In a recent study by ILO and the Institute for Applied International Studies (Fafo), 57 percent of female respondents expressed a desire to find a job, but most were not actively seeking employment. Their reasons—like the women themselves—are diverse, and they are not always the same ones barring work in SEZs. Researchers identify social pressures and domestic duties as crucial reasons for women not seeking work, yet there is also a lack of suitable opportunities, unacceptable pay, and a fear of both gendered and xenophobic street harassment and abuse. In one of the most thorough surveys on Syrian women refugee livelihoods, access to credit was identified by a clear majority of women as the biggest barrier to employment and fear of authorities also loomed large. A majority in a recent survey said seeking work did not fit with childcare responsibilities.

One of the more important but overlooked obstacles, too, is the fact that Syrians are forbidden from unionizing and organizing to address these needs themselves. It is illegal, in Jordan, for refugees to form any type of association, so women are forbidden from setting up, for example, cooperatives to widen the markets of their individual work or unions to begin mobilization around their own labor rights.

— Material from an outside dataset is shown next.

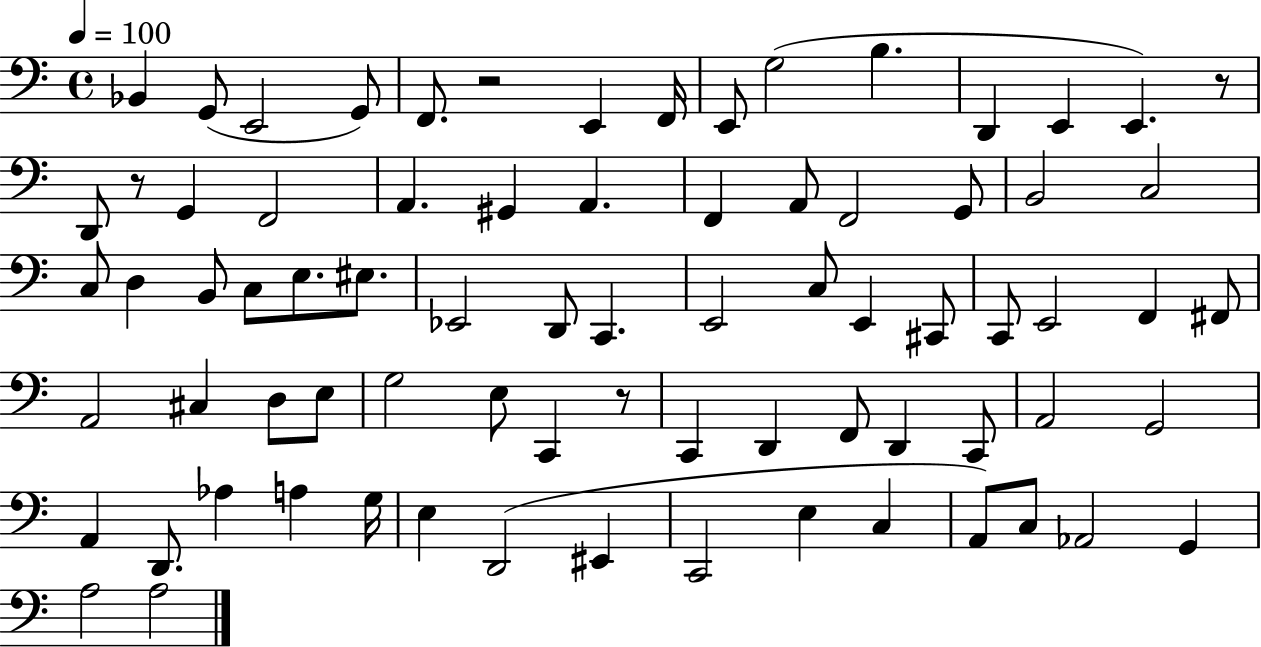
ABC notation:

These crucial obstacles to women’s employment have not been considered by the Jordan Compact. Opportunities for refugee women have been framed through interests other than refugees themselves: they are a way to attract investment, exploitable human capital under terms attractive to business and under confines unthreatening to—and that often reinforce—hierarchies of nationalities within the state. These interests are antithetical to structures—freedom of association and unionizing, access to legal work under terms that do not discriminate by nationality, solid labor protections—that would underpin meaningful and viable work for refugees.

None of this is surprising given Jordan’s economic reality. At the time of writing, street protests have prompted a change of government and billions in anxious funding from Arab states. The nature of the Compact’s economic reform and deal-making follows decades of neo-liberalizing policies and IMF- imposed structural adjustment, reinforcing free trade and reducing government intervention and spending to suit the interests of capital.

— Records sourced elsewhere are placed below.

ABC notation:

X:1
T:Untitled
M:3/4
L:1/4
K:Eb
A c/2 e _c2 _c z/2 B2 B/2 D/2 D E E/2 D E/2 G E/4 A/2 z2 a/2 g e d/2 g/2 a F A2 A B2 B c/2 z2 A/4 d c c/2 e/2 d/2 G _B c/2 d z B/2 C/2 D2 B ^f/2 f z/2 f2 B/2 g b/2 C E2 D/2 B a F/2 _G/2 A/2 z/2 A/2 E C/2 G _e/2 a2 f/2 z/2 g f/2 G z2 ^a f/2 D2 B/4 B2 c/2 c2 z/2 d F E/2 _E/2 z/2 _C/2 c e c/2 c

Even if the Compact does begin to formalize labor rights for refugees, it necessarily does so in this context. A different approach would mean focusing on the needs of refugees themselves. Some initiatives have started attempting to do this. Programs by Better Work have consulted women about their skills and interests, working with employers and refugees to think about developing opportunities that can fit with people’s lives. Mansour-Ille and her colleagues have pitched gig economy infrastructure, training and protections as a way to support the many women—around 60 percent in some areas—already working from home.

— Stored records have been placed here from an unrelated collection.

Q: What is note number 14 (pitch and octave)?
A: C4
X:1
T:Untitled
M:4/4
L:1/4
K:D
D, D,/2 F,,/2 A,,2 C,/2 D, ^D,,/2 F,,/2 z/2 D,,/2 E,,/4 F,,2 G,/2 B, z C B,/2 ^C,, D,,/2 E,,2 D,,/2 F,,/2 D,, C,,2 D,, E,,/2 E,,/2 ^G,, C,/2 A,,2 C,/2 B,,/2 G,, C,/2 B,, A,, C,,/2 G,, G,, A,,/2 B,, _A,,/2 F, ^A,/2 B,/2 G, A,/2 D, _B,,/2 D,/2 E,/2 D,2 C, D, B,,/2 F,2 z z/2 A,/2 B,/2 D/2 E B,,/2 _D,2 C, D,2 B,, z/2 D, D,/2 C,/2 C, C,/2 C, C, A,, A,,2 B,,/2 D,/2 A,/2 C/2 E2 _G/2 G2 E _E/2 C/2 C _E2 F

However, change needs to go further. New policies should tackle the way informality and access to work in Jordan are defined by nationality, how older laws maintain the privilege of citizens and precarity of migrants and as such create a barrier between Syrians and the labor market. Changing the law to allow Syrians freedom of association has been widely recognized to be crucial. For women, it would mean providing childcare and putting money toward reducing child marriage, enacting and enforcing legislation around equal pay and maternity protections, and investing further in girls’ education.

It is a common refrain that in Jordan, a country with scarce natural assets, the greatest natural resource is its people. Jordan is a state built to a large degree by waves of migrants seeking economic opportunity or fleeing hardship. Yet, while rhetoric depicts a Jordan that welcomes new arrivals with open arms, the reality is that refugees are politicized and confined, turned into scapegoats and leveraged for what they can best do to serve the interests of state and capital.

Their own needs, and the possibility for them to build lives for themselves and communities that surround them, are sidelined. To avoid repeating the failings of the past, what comes after the Jordan Compact must put refugees at its heart.